» Given material:
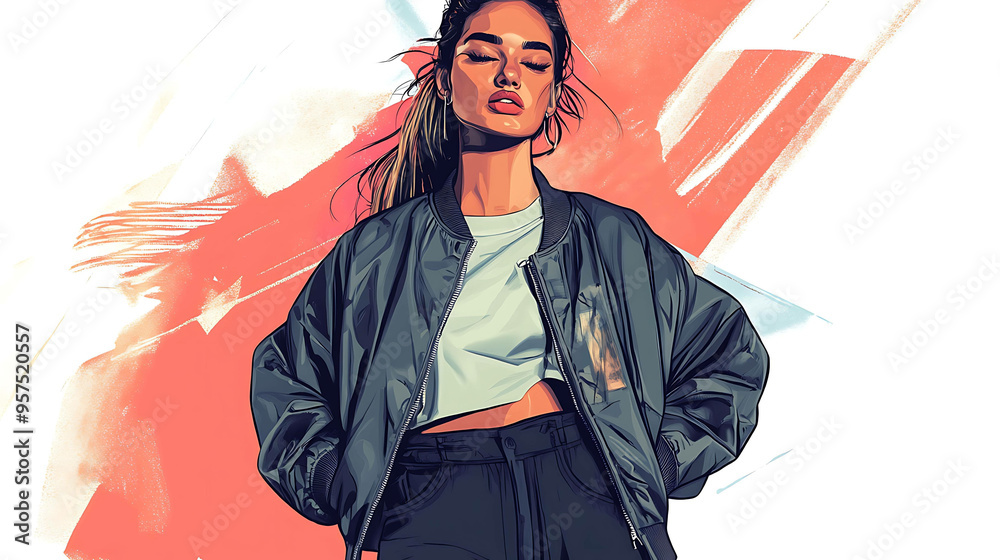 Fototapeta premium A woman with her eyes closed wearing a black bomber jacket.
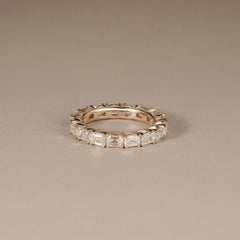 Sempre Emerald Cut 3.00ct Lab Diamond Eternity Ring in 18K Yellow Gold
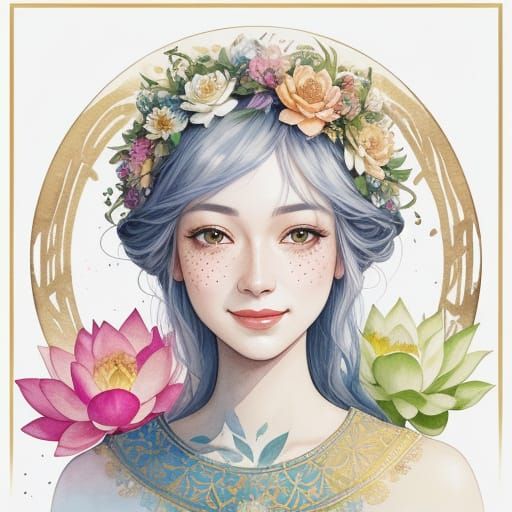 Surreal Watercolor Art of a Smiling Man with Lotus Flower Wr...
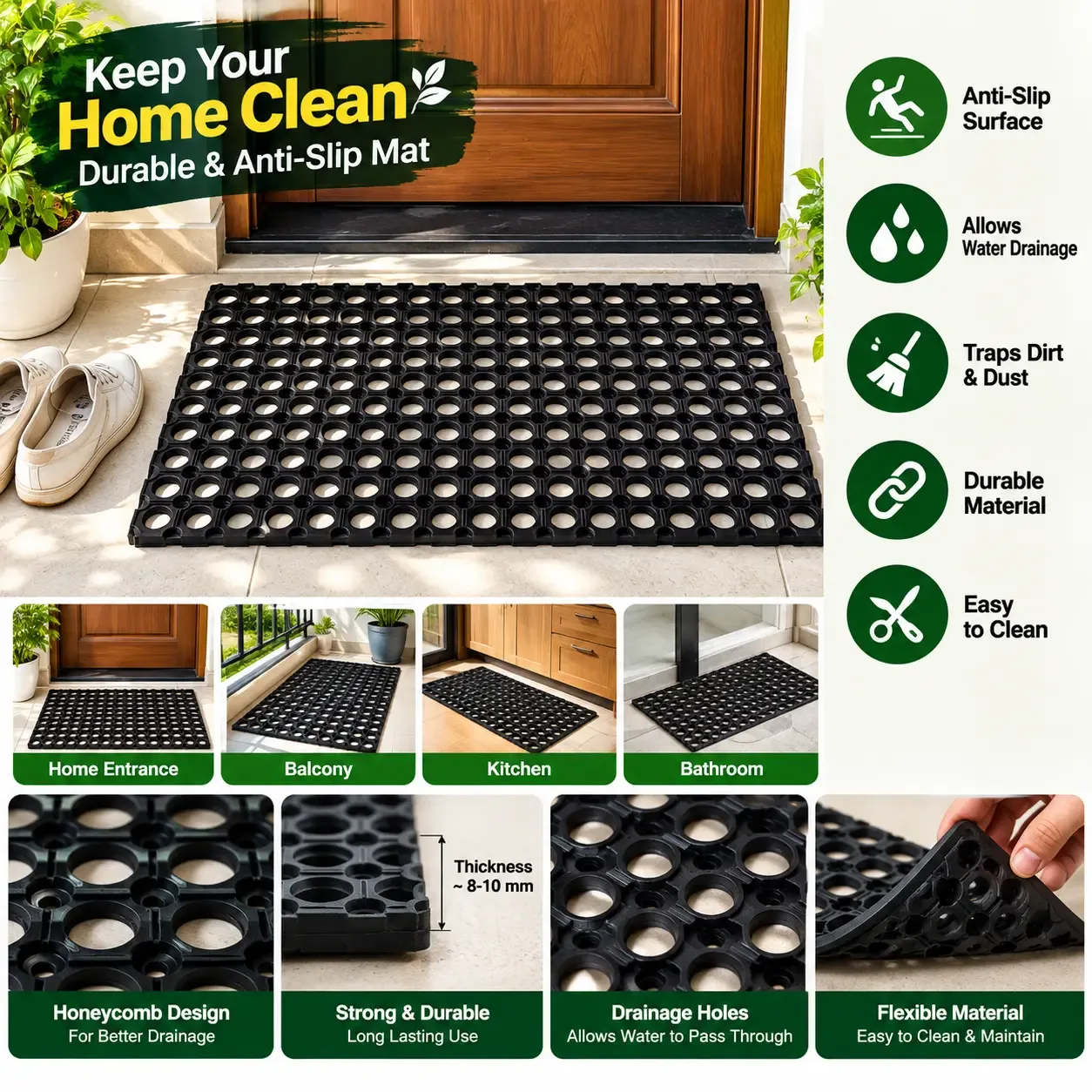 Basanti Bedding PVC Anti-Slip Rubber Hollow Mat – Mud & Dirt Trapping Floor Mat photo 2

» The problem: Write out again, exactly, only the lines from the beginning of the material above to the line that holds "Surreal Watercolor Art", both ends included, and no pictures.

» Result below:
 Fototapeta premium A woman with her eyes closed wearing a black bomber jacket.
 Sempre Emerald Cut 3.00ct Lab Diamond Eternity Ring in 18K Yellow Gold
 Surreal Watercolor Art of a Smiling Man with Lotus Flower Wr...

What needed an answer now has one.